My mom was at Boston Logan airport that morning to fly home after visiting my aunt and was turned around by airport authorities when word of what was happening spread. But had my sister not found a babysitter, she would have been on an earlier flight--UA flight 175.
My sister and her husband are both doctors. As I mentioned, she was returning to work after maternity leave with a 4 1/2 year old and 3 month old. There was a childcare snafu, and my mom was going to take an earlier flight out of Boston and connect through LA to SFO. But at the last minute, my sister found someone and my mom kept her original flight for later that morning.

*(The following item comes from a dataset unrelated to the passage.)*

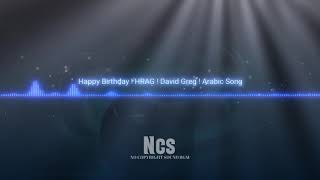 Happy Birthday  HRAG  Devid Greg  Arabic Song  No Copyright Sound BGM [upl. by Russo125]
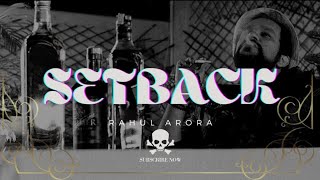 Rahul Arora | Setback | Latest Rap Song 2023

That's how things seemed to happen that day, isn't it? One person stays home or goes in late for a doctors appointment or sick child and escapes death, another person doesn't. No rhyme or reason, just a quirk of fate.
That to me was one of the hardest things about that day. Trying to find an answer for why. We like to think of reasons why something happened, but what that day made clear for me in such a hideously massive scale is that there weren't any reasons. That was the true horror and unfairness. The randomness of it all. The utter injustice. My family way lucky, so many others were not.
There were so many stories that came out of that day. Some of heroism. Some of tragedy. Some of survival. Some of heartbreak. And many of hope. The people who fought back on Flight 93--it still gives me chills. I'm sure we were all remember where we were on 9-11, as the previous generation remembered the death's of JFK and MLK. It's a day that will live on in our collective consciousness. We are all connected in some way to the tragedy of that day. But my heart goes out to those who lost loved ones in the two towers, the Pentagon, and on a field in Pennsylvania. We honor you today. I hope that ten years has brought a measure of peace.
And in case I don't say it enough, I love you mom.
How did the events of that day change you? What were you doing when you heard what had happened? Ironically, my mom was one of the last people to know what had happened as she spent the day in travel chaos trying to get back to my aunt's house.